It is the stuff of fairytales and happy endings, the story of a Polish railway worker who woke up to a new world of plenty after falling into a "coma" 19 years ago when Poland was still communist.
Since a Polish TV station reported this month that railway worker Jan Grzebski, now 65, had roused from a coma-like state after nearly a generation, the phone in his humble apartment in this northern Polish town has not stopped ringing.
Everyone -- the Chinese, the Portuguese, the Americans -- wants to interview the Polish "Rip van Winkle," the bearded storybook character who slept for 20 years.
Even warnings by professor Hubert Kwiecinski, who is the Polish health ministry's adviser in neurology, that this may be less coma and more modern myth in the making have not dimmed the interest.
"We can't say with absolute certainty that this was a case of someone being in a coma or any form of coma such as being brain dead or in a vegetative state," Kwiecinski said.
After he was hit by a train in 1988, Grzebski was left bedridden and unable to speak, but he did not lose his vital functions.
He did not have to be fed intravenously or breathe with a respirator, which is usually the case of people in a comatose state, Kwiecinski said.
Grzebski himself said he was conscious of what was going on around him throughout his state of -- well, call it "in absentia" if it wasn't a real coma.

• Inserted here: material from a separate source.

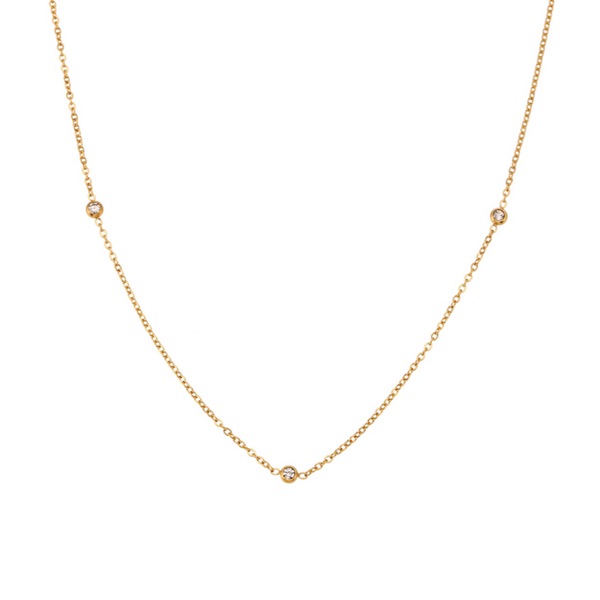 dainty zirconia necklace gold waterproof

"I heard everything around me, I understood everything but I could not utter a single word," he said. "I was like a plant. It was horrible, not being able to communicate."
He proudly showed how today he is able to lift his legs a few centimeters and touch his head with his right hand.
Every gesture, no matter how minor, elicits the joy of Grzebski's wife Gertruda, who may be the true heroine of the story.
"Without her, I would have been pushing up daisies a long time ago," Grzebski said in a weak but clear voice. "I'm alive today thanks to my wife."
Doctors gave him "hardly any chance of surviving" after his accident in 1988, Gertruda recalled.
Grzebski struck his head when he was hooking up two train wagons. He developed a brain tumor which caused him to lose the power of speech and the ability to move his limbs.
Grzebski was transferred from one hospital to another to undergo treatment until finally his wife opted to bring him home and care for him herself.
"I did everything to keep him alive. I clung to even the flimsiest hope. I so wanted my children to have a father and their children, a grandfather," she said.
Earlier this year he was hospitalized with pneumonia, and medical staff seized the occasion to give him rehabilitative therapy. This time, it worked.
"I felt that I had a brain," Grzebski recalled.
There may not have been a miracle in Grzebski's revival, but the story of his wife's dedication has struck a chord with romantics.
And they will delight in learning that his first word after 19 years of silence was "Truda," a diminutive of his wife's name.
Grzebski is now making the acquaintance of 11 grandchildren.
The global media has likened Grzebski's story to the hit 2003 German film Good Bye Lenin! in which a family tries to recreate life in East Germany to spare their fragile mother too much commotion when she emerges from a coma after the fall of the Berlin Wall.
Grzebski said he has been aware that the days of communism, rationing and interminable lines to get the little that was available in the shops, had long ended in Poland.